*** Begin section ***

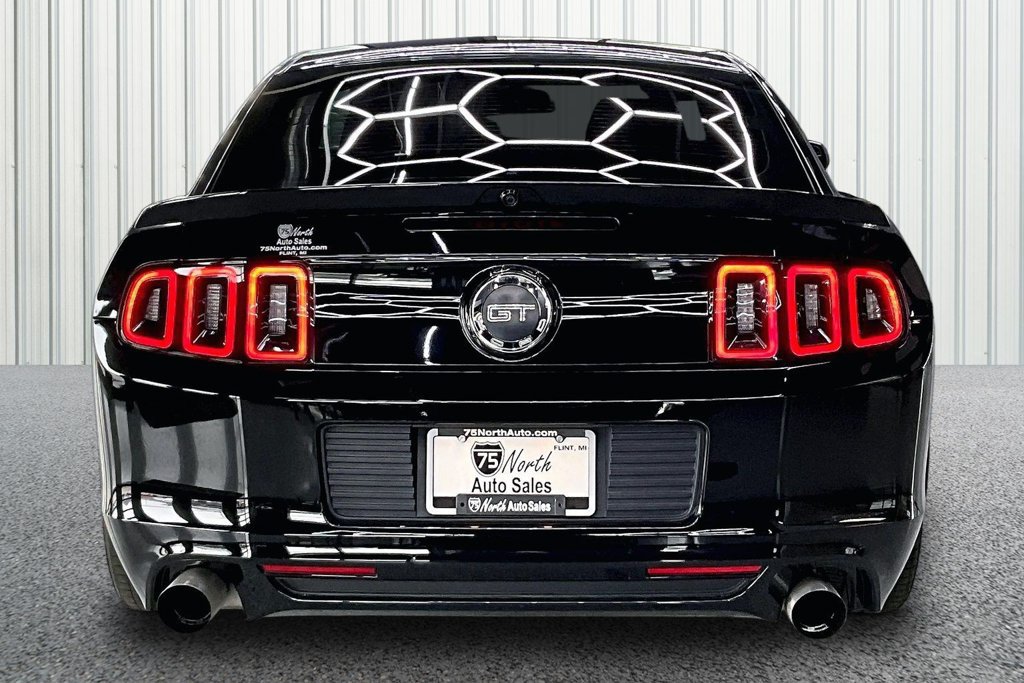 Used 2014 Ford Mustang GT Premium w/ Comfort Package RWD image 5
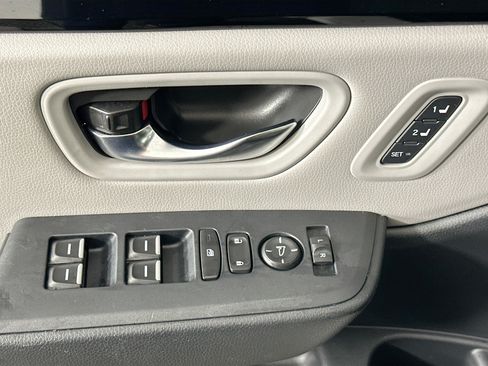 Used 2025 Honda Pilot EX-L image 15
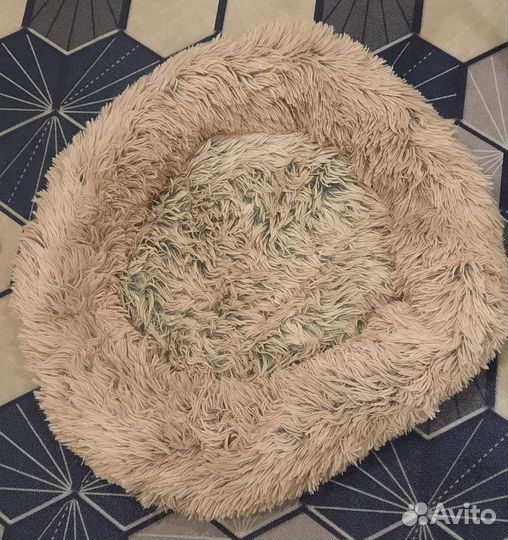 Лежак для кошек или собак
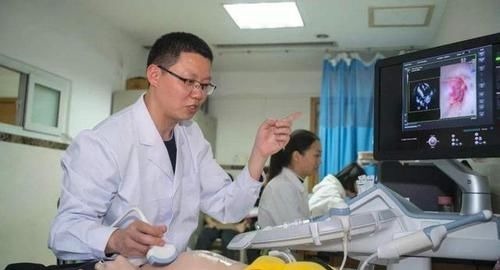 医生|妇产科的男医生为何更受青睐?原因很简单,优势体现在这4点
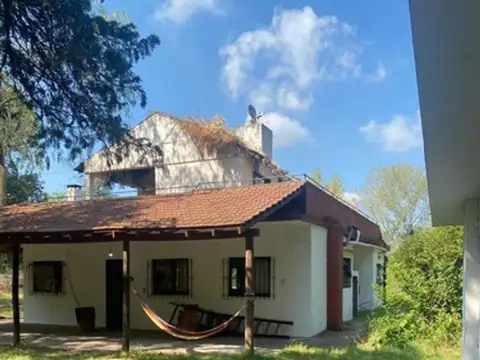 Oportunidad 7314 M2 De Parque Chalet En Dos Plantas 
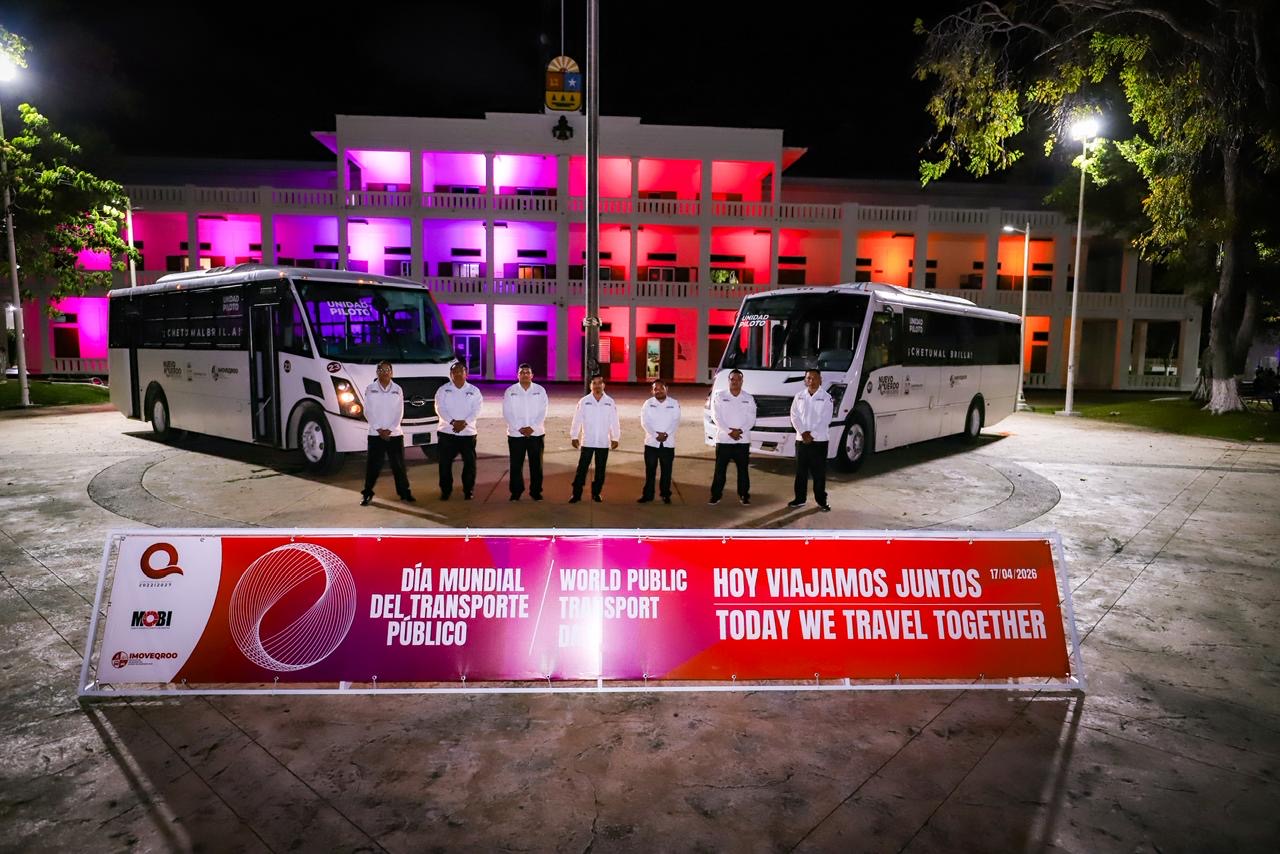 Se suma Quintana Roo al primer Día Mundial del Transporte Público: iluminan Palacio de Gobierno y el Obelisco en la Explanada de la Bandera de Chetumal
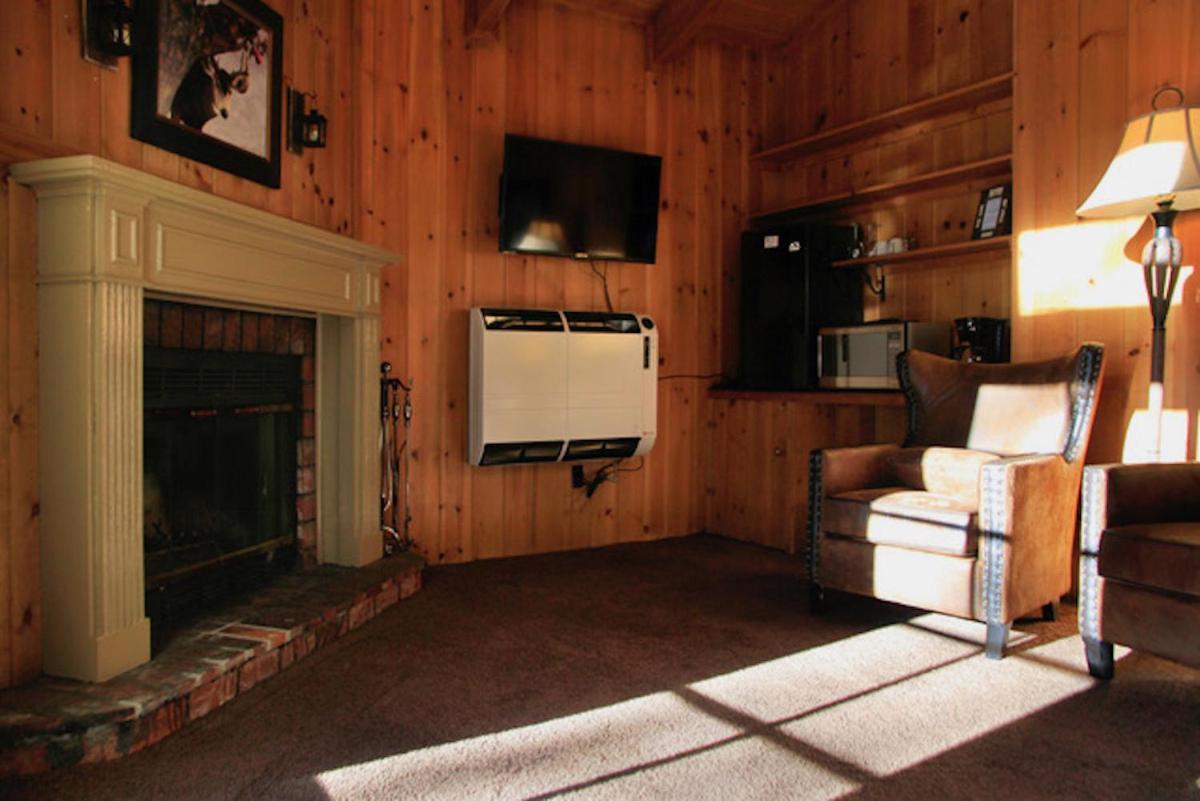 Silver Pines Lodge Idyllwild Exterior photo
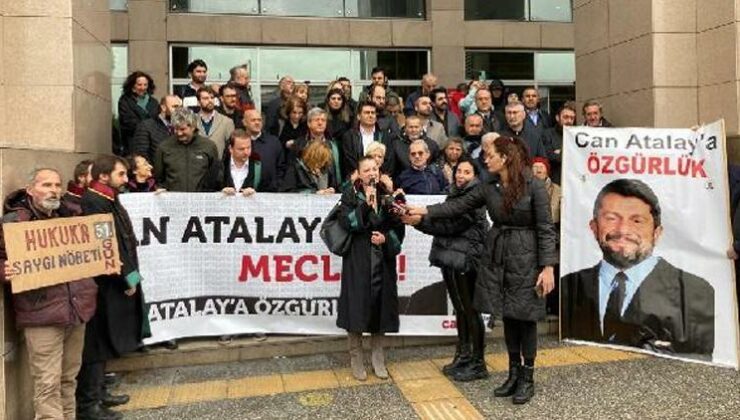 İstanbul Adalet Sarayı önünde Can Atalay için basın açıklaması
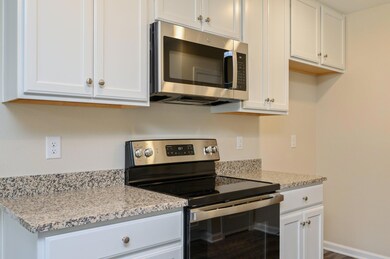 6010 Colton Blaine Ct, Crestview, FL 32539 - photo 4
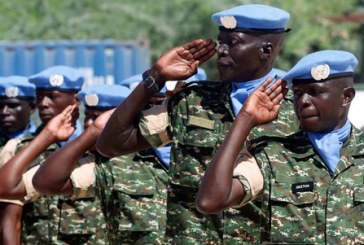 دور الجيش في السياسة الافريقية: اعادة النظر في الفجوة بين النظريات والممارسات القائمة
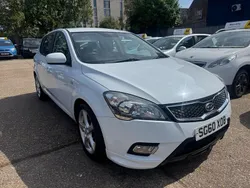 White Used 2010 Kia Ceed 3 Hatchback | £2,495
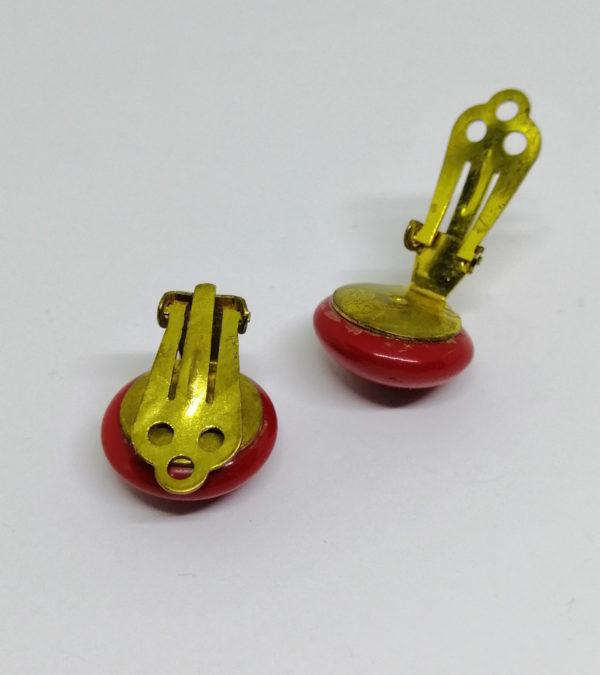 Boucles d'oreilles, clip, demi-boule en verre rouge. – Image 3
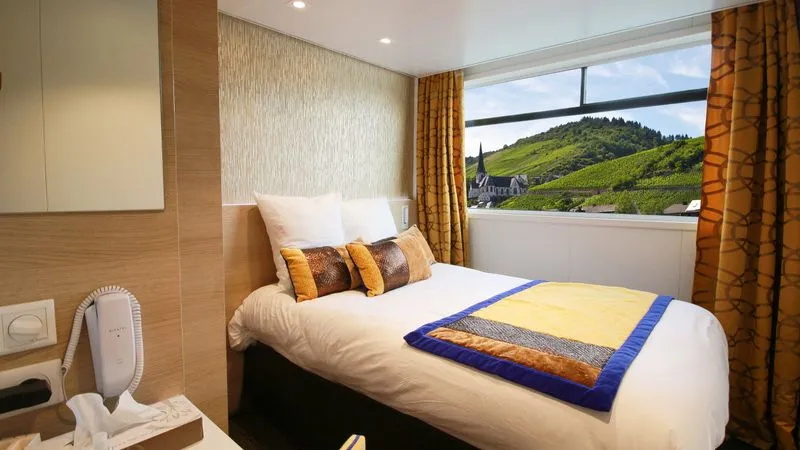 MAIN DECK 1 SINGLE BED CAT C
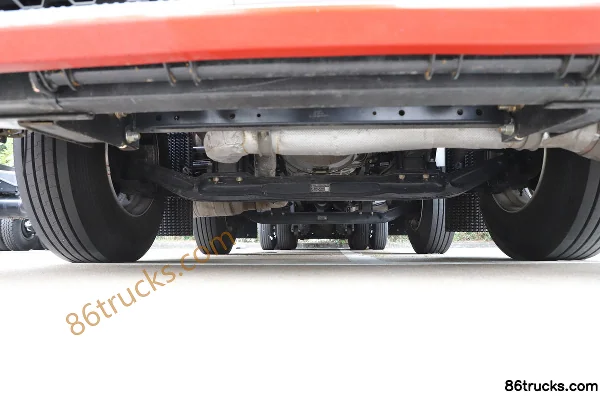 Foton Auman GTL Star Wing Edition 360hp 8X4(12 wheels) Oil Tank Truck Chassis (1) | 86Trucks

*** End section ***

# Assignment
Only exact copies are wanted here. Write out the lines from the one containing "Boucles d'oreilles, clip, demi-boule" through the end of the material and no others, omitting all pictures.

# Completed task
 Boucles d'oreilles, clip, demi-boule en verre rouge. – Image 3
 MAIN DECK 1 SINGLE BED CAT C
 Foton Auman GTL Star Wing Edition 360hp 8X4(12 wheels) Oil Tank Truck Chassis (1) | 86Trucks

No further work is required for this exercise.